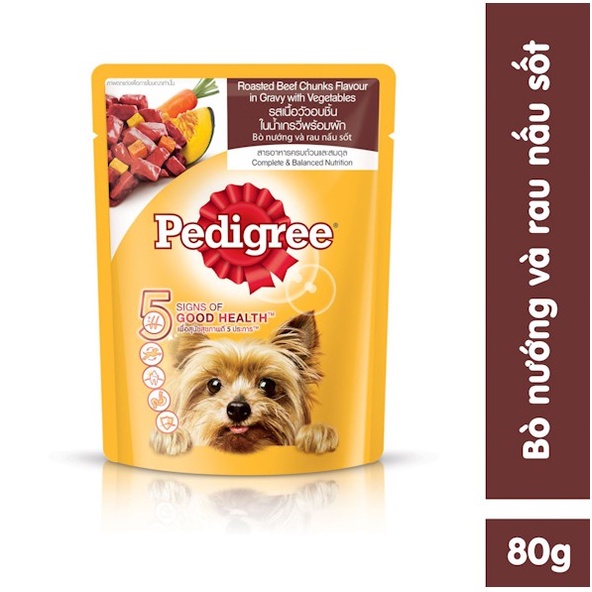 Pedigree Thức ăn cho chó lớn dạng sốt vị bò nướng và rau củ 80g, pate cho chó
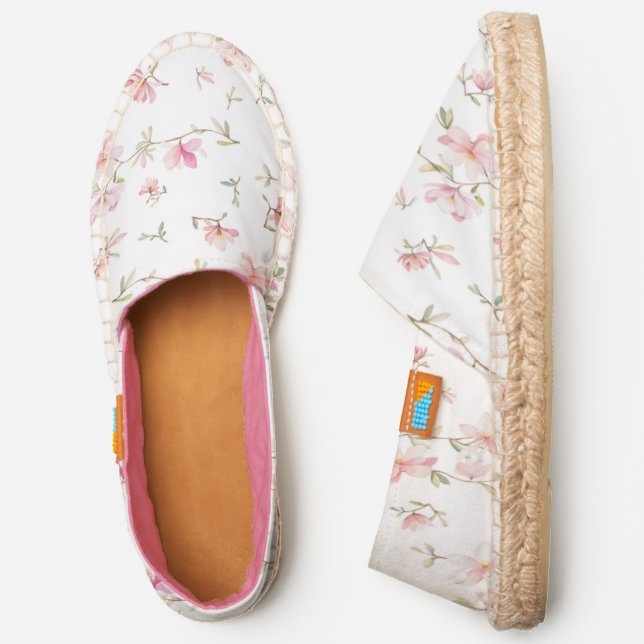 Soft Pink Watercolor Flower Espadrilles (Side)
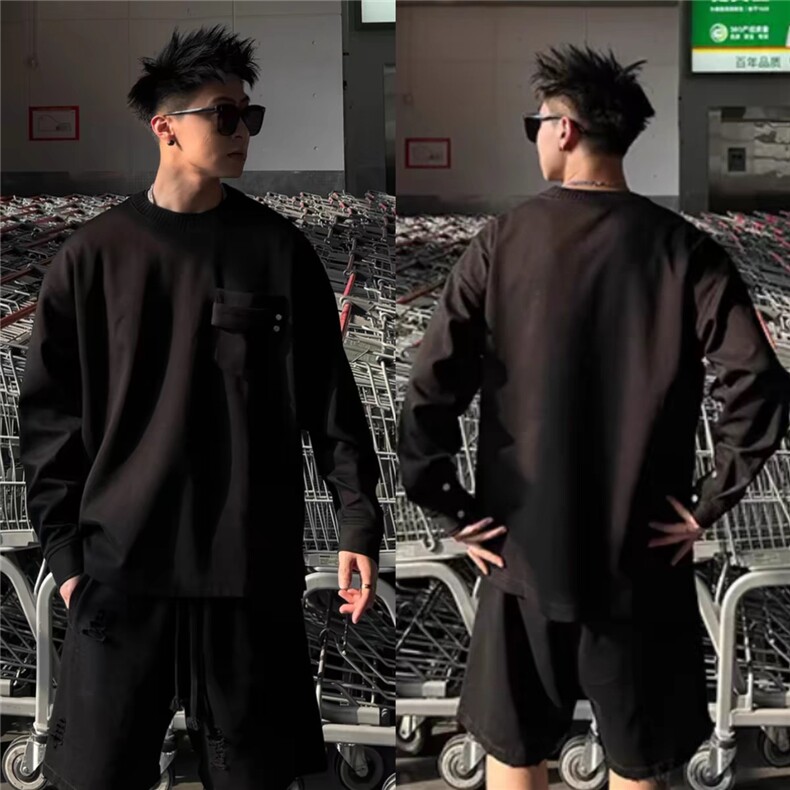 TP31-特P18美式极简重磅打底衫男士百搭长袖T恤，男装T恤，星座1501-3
==
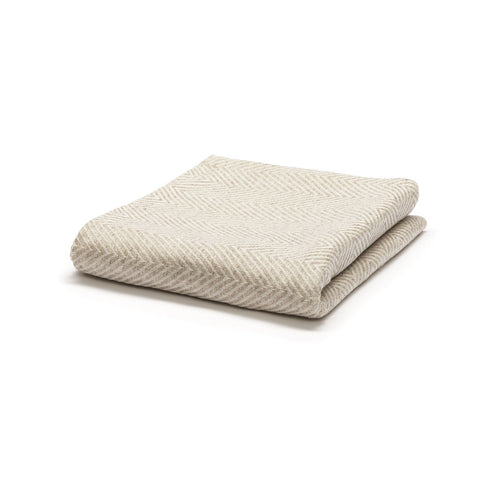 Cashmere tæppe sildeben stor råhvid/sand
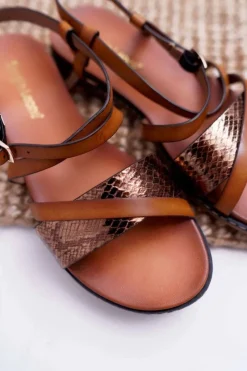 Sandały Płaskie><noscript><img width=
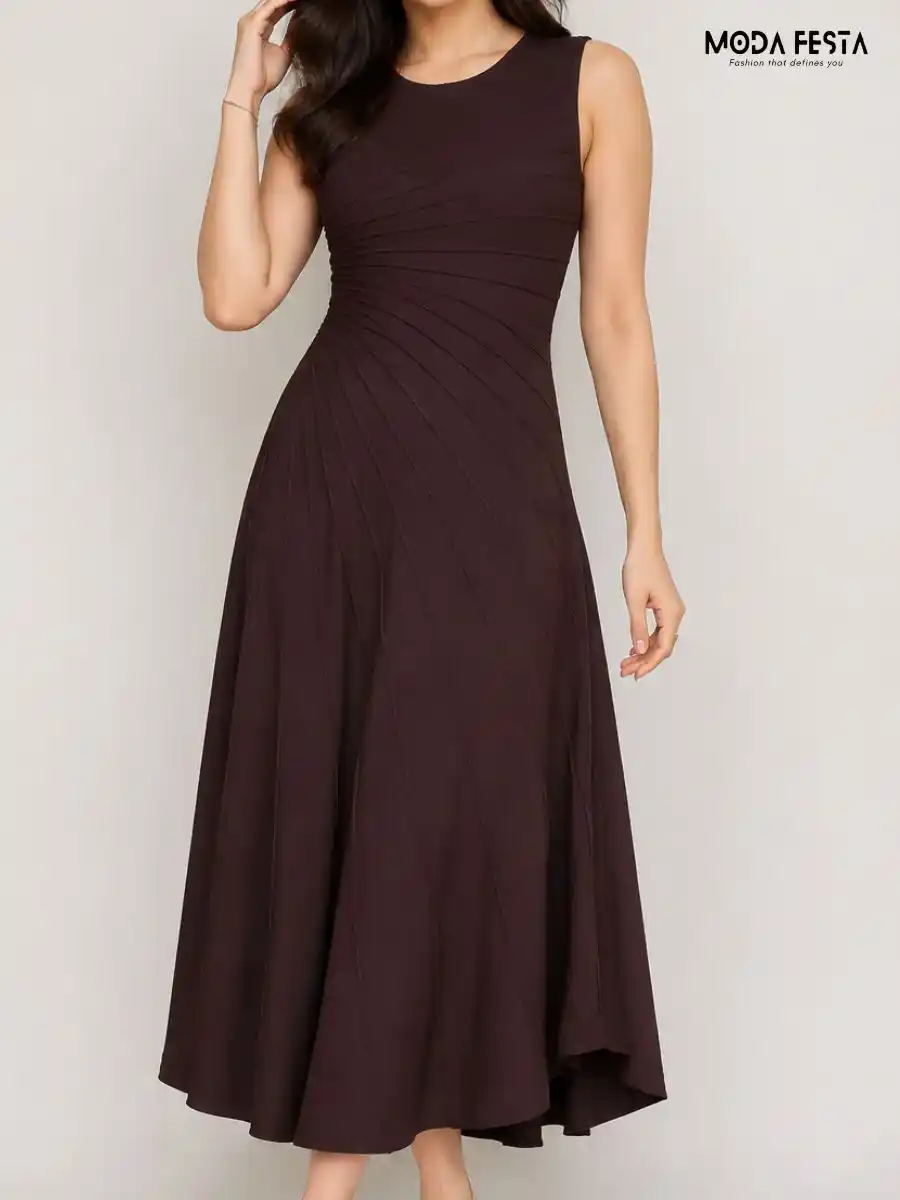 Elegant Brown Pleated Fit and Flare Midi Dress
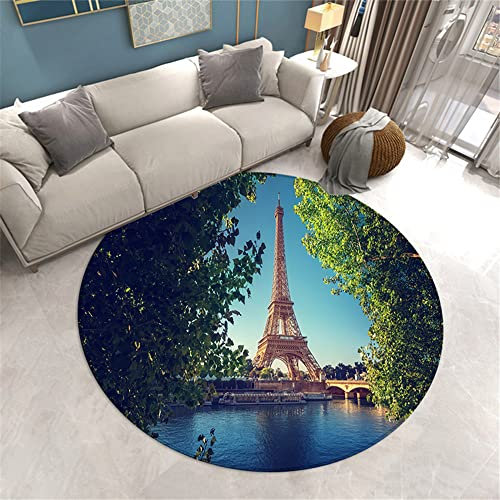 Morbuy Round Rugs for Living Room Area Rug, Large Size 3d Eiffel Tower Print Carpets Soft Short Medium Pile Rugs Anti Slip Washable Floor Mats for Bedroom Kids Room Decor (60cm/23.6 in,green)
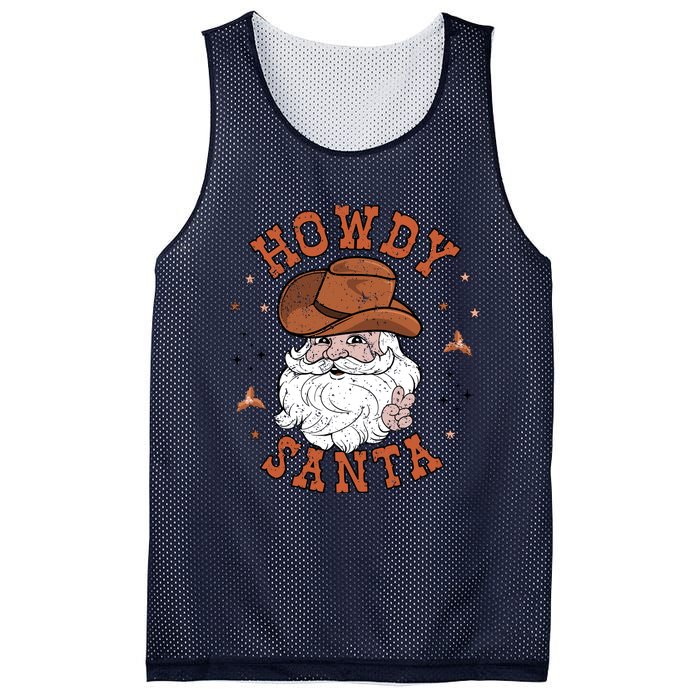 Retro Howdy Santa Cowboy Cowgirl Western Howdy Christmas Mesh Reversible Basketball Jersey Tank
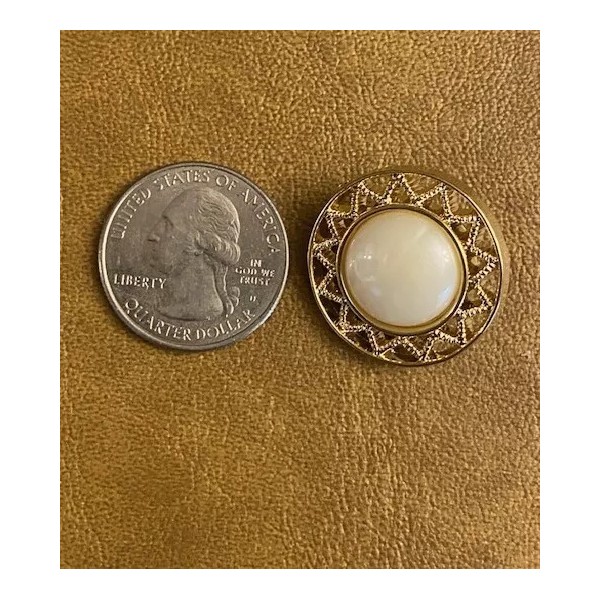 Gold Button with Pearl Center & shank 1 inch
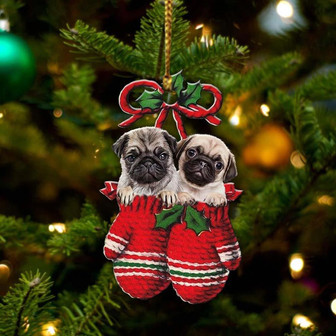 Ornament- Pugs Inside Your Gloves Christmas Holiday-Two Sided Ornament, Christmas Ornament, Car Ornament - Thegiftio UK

» Your instructions
Quote the lines above exactly, starting with the one that has "Pedigree Thức ăn" and ending with the one that has "TP31-特P18美式极简重"; drop the pictures and include nothing else.

» Result of this task
 Pedigree Thức ăn cho chó lớn dạng sốt vị bò nướng và rau củ 80g, pate cho chó
 Soft Pink Watercolor Flower Espadrilles (Side)
 TP31-特P18美式极简重磅打底衫男士百搭长袖T恤，男装T恤，星座1501-3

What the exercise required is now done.